It was another great week at the Capitol. From STEM Day on the Hill to visits from schools in our district, there were many individuals who visited this beautiful building, and it is great to see Utahns getting involved


During week two, in addition to hearing budget numbers presented, I spent many hours in committee meetings and considered a variety of bills. So much hard work has gone into all the proposed legislation and it is truly an honor to be involved in this process. I had many thoughtful discussions with my colleagues on a variety of topics.


Below you will find a description of some items that were addressed and events that happened last week. I will continue to send regular updates during the remaining five weeks of the session. I encourage each of you to reach out with your questions and thoughts. You can contact me directly or my intern­­­ Gracia Allen at grallen@le.utah.gov.

Thank you for all you do. It is my privilege to represent you.

Base Budget Bills

As a Legislature, our constitutional responsibility is to pass a balanced budget before the close of the general legislative session. It is a responsibility we take seriously. As such, we spend the first few weeks of the session meeting in appropriations subcommittees to consider how we allocate money in each area, which include public education, social services and transportation.

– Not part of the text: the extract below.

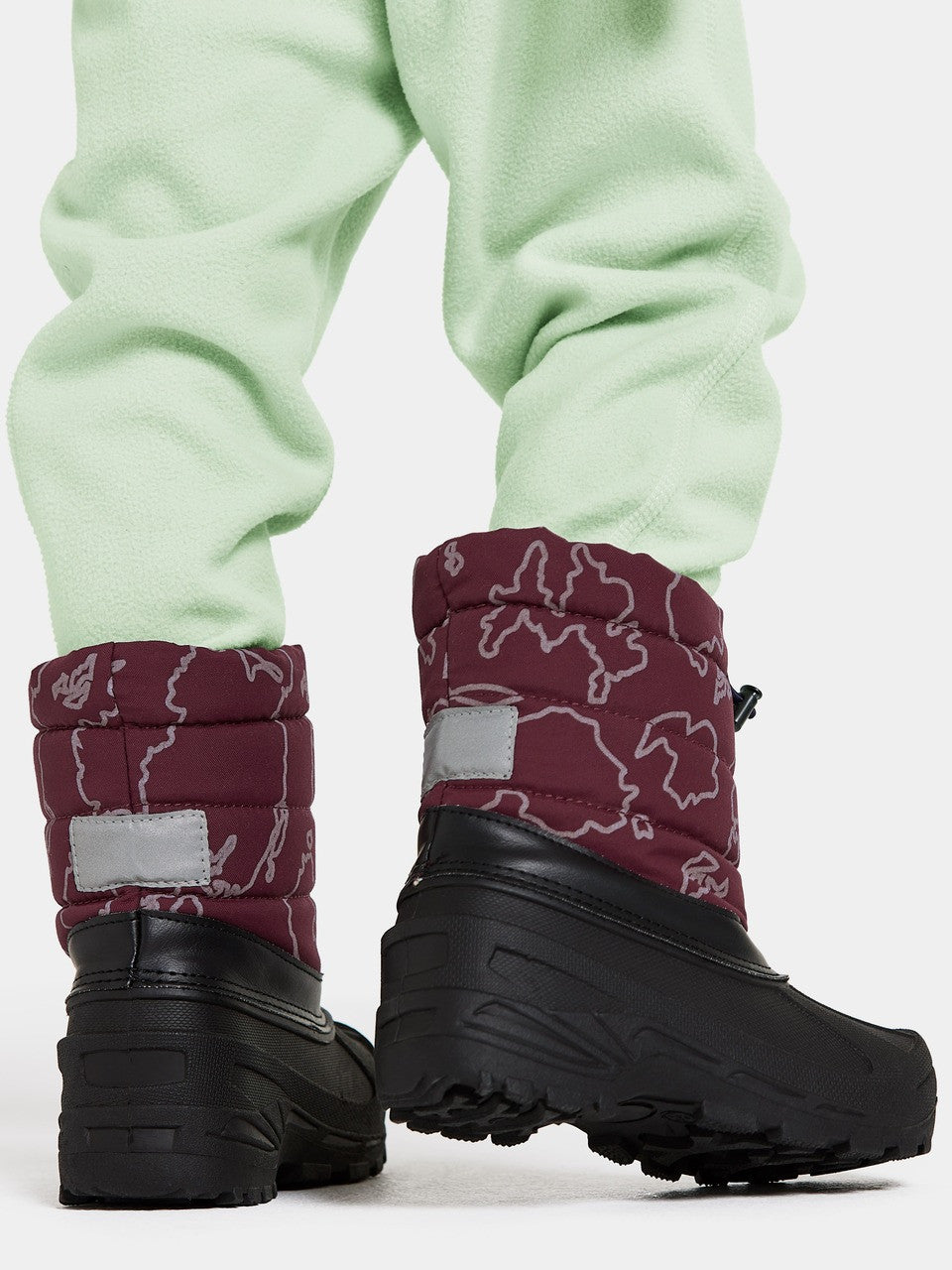 Kids Insulated Reflective Snow Boots – Lumi| Didriksons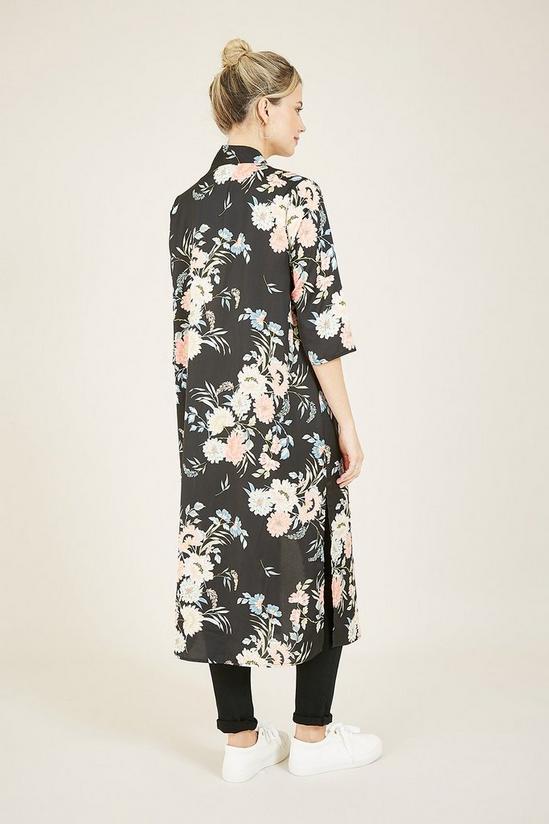 Yumi Floral Print 'Azia' Kimono 3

Eight appropriations subcommittees prepare base budgets for their assigned subject area over the first couple of weeks of the session. These subcommittee base budgets are passed in the early weeks of the session, which allows the state to continue functioning at a basic level. This prevents the state government from shutting down. Then, typically during the final week of the session, we pass what is known as the “Bill of Bills,” which is the comprehensive budget bill that includes additional appropriations not included in the base budgets. You can learn more about the state’s budget here.

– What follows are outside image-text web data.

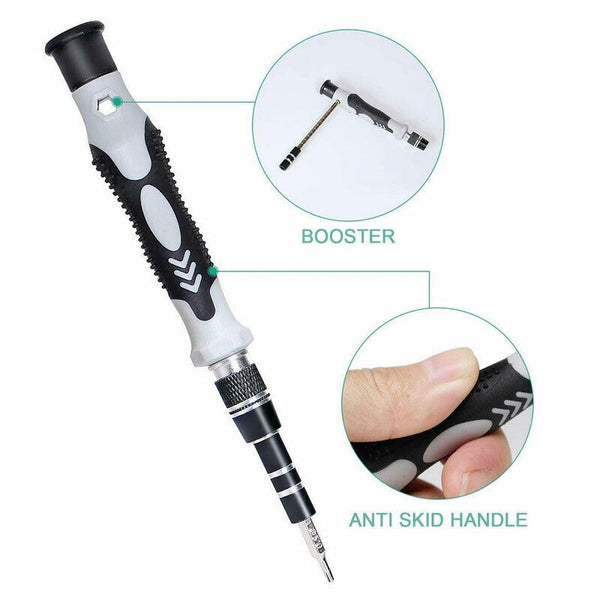 115 IN 1 Precision Screwdriver Set Torx Computer PC Phone Watch Repair Tool Kit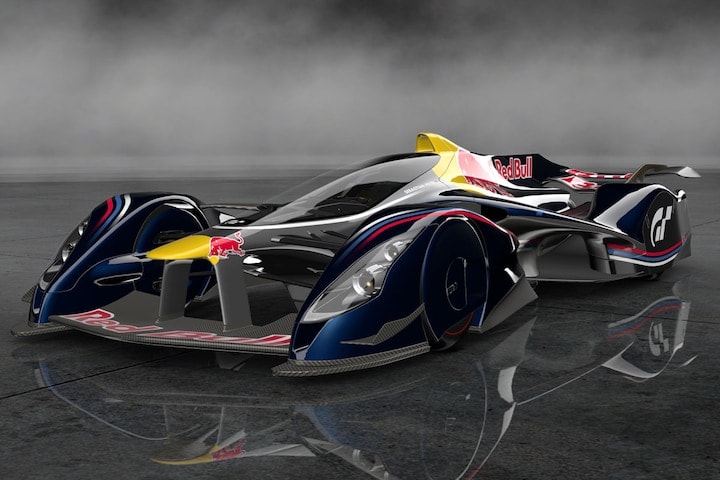 Red Bull X-serie in Gran Turismo 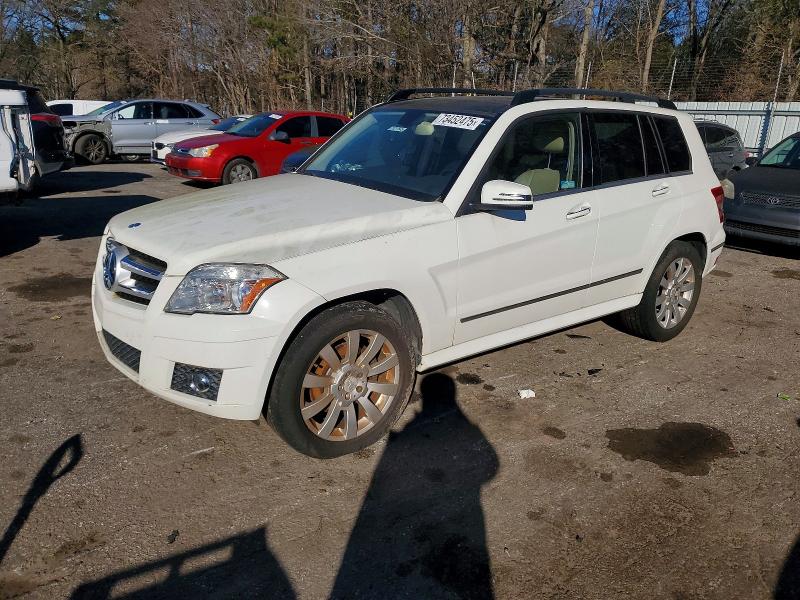 2012 MERCEDES-BENZ GLK 350 — VIN WDCGG5GB9CF718530
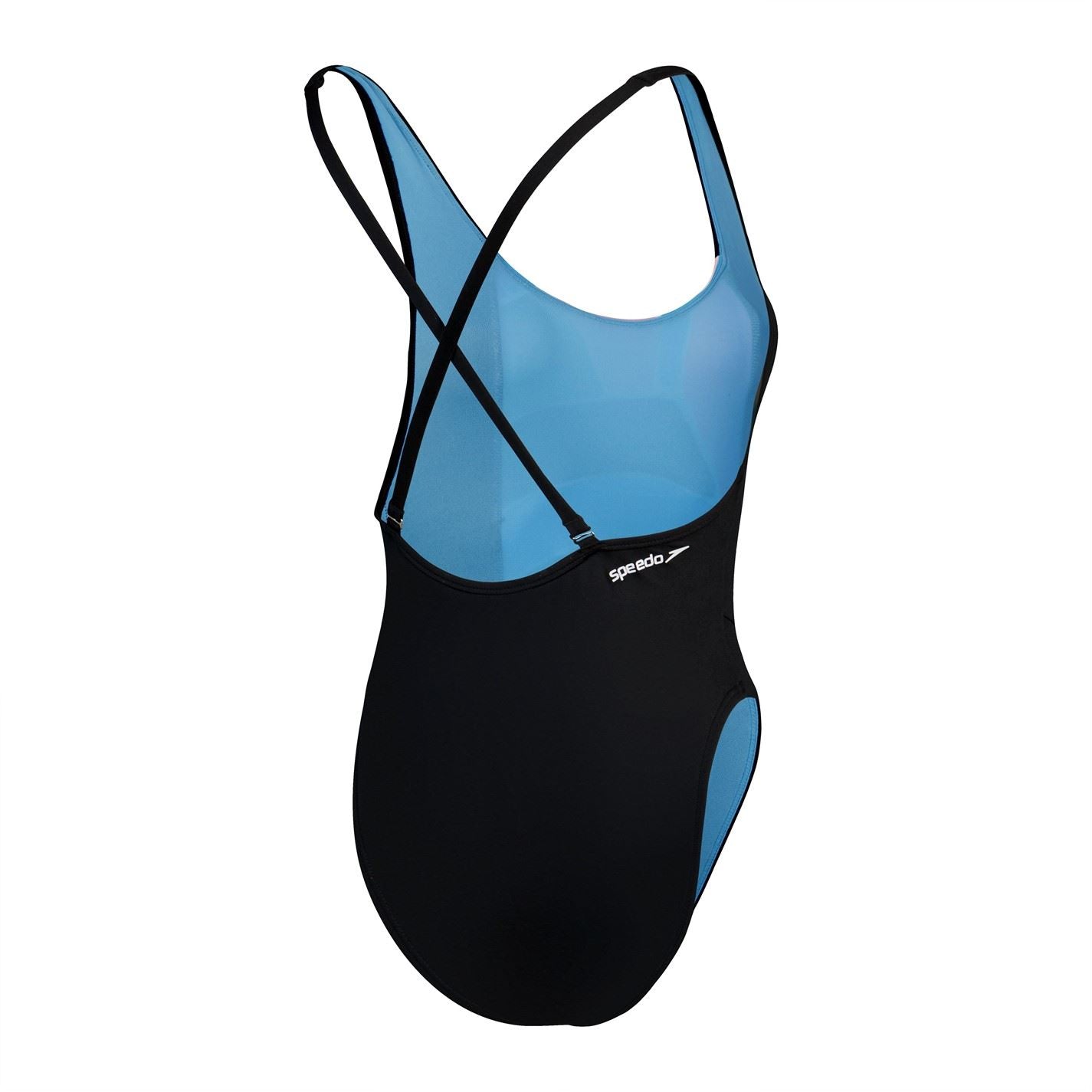 Speedo Convertible Abstract One Piece Swimsuit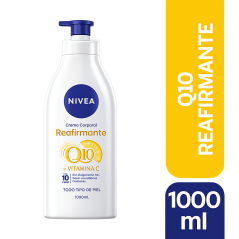 NIVEA BODY REAFIRMANTE Q10 X 1 L
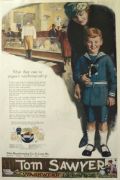1920 Tom Sawyer Boys Clothing Ad ~ Expert Workmanship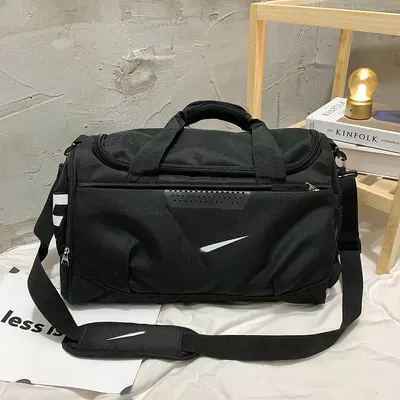 Single-shoulder sports travel bag, large capacity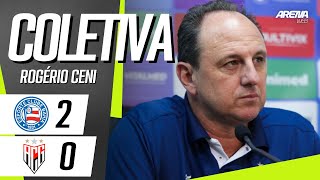 COLETIVA ROGÉRIO CENI | AO VIVO | Bahia x Atlético-GO - Brasileirão 2024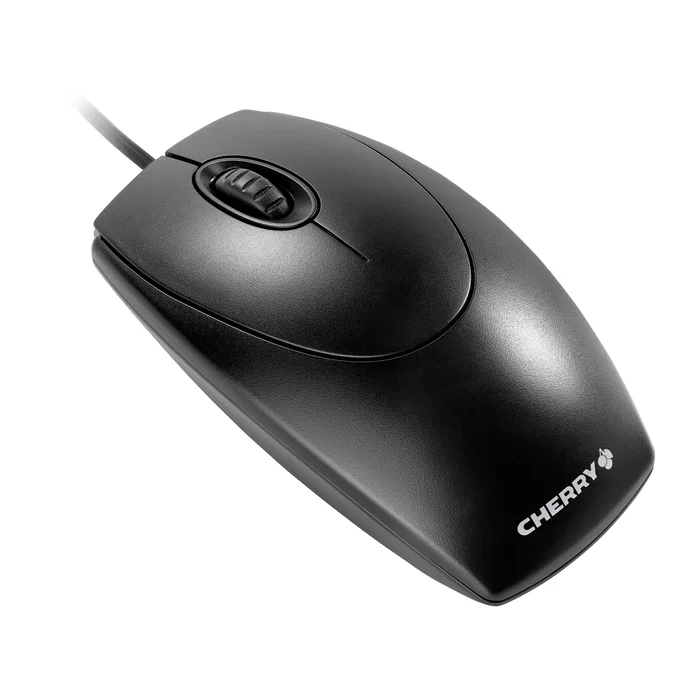 Cherry M-5450 Ratón Óptico Ambidextro Negro USB/PS/2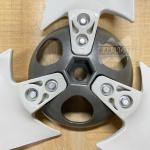 Small Wind Turbine Wheel Hub and Blade Kit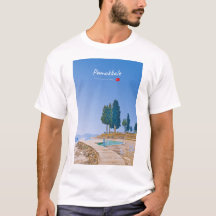 Pamukkale, Turquie - Piscines thermales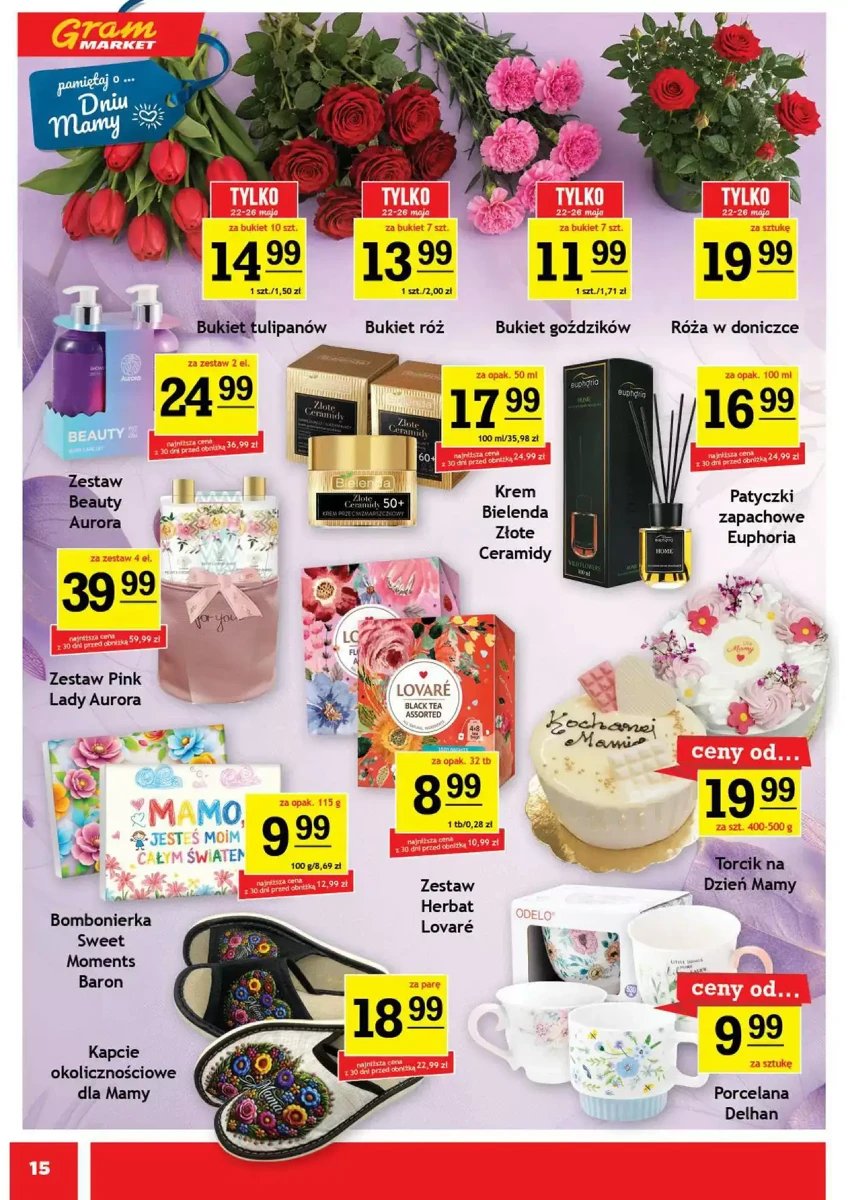 Strona 15 z gazetki Gram Market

S.B. 106: Caregiver Compensation Amendments

S.B. 106 Caregiver Compensation Amendments, allows for parents and caregivers to decide what option will provide the best care and quality of life for their dependents, whether that be at home with a caregiver or in an institutional facility Through state programs, we have been able to help provide funds for home caregivers. Currently, there are three sub-groups that are able to apply for the caregiver's compensation funding. The first is the spousal group, by the passing of S.B. 63 during the 2021 General Session. This initial program had great success. During the pandemic, ARPA funds were granted to the state, allowing two other groups, the dependents under 18 group and the dependents over 18 group to be funded. The funding for the additional groups showed that the in-home care resulted in higher quality of care and quality of life. This bill will extend this funding, allowing the spouse or family member who provides care, to receive partial compensation for the work lost. A presentation on this bill can be found here. Read the executive summary or the complete, detailed analysis here.

STEM Day

The Utah STEM Action Center is a division of the Utah Department of Cultural and Community Engagement tasked with advancing STEM education best practices in Utah. As Utah’s partner in promoting Science, Technology, Engineering and Math education they work to identify and support best practices by leveraging resources across education, industry, government and community partners to support economic prosperity. Thanks to Utah STEM partners for making STEM Day on the Hill possible! We enjoyed welcoming students for some hands-on STEM fun. Learn more about Utah STEM here.

Charter Day on the Hill

This week we celebrated Charter Day on the Hill. We had students from charter schools all over the state come visit the Capitol and learn more about the legislative process. It was a privilege to see students, teachers and administrators discussing the issues pertinent to charter schools and watch incredible performances by the talented students in the Capitol rotunda. We are lucky to have these students in our state!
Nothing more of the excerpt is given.